§ Work request
Leave the images aside and repeat the whole listing exactly.
::: Recorded data
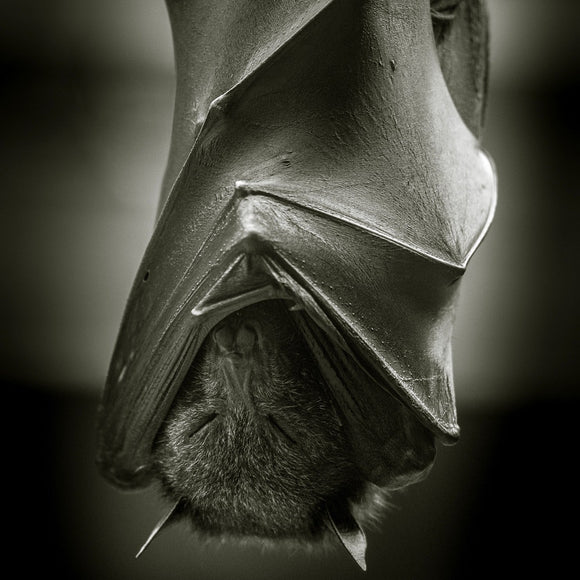 Sleeping Flying Fox bat. ©2016 Steve Ziegelmeyer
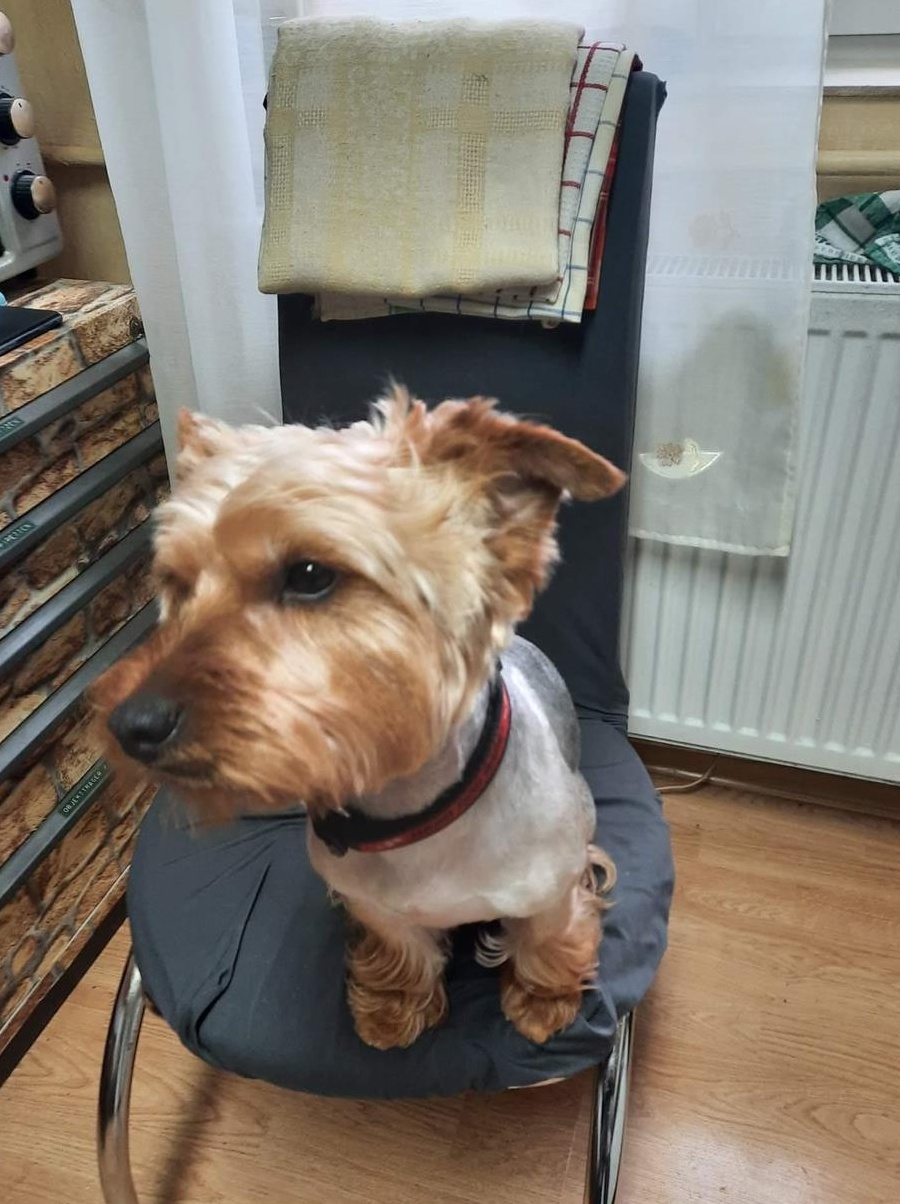 Dau la monta catel  yorkshire terier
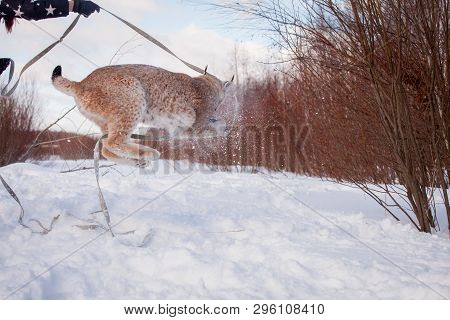 Abordable Eurasian Lynx, Portrait In Winter Field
::::::
§ Expected answer
 Sleeping Flying Fox bat. ©2016 Steve Ziegelmeyer
 Dau la monta catel  yorkshire terier
 Abordable Eurasian Lynx, Portrait In Winter Field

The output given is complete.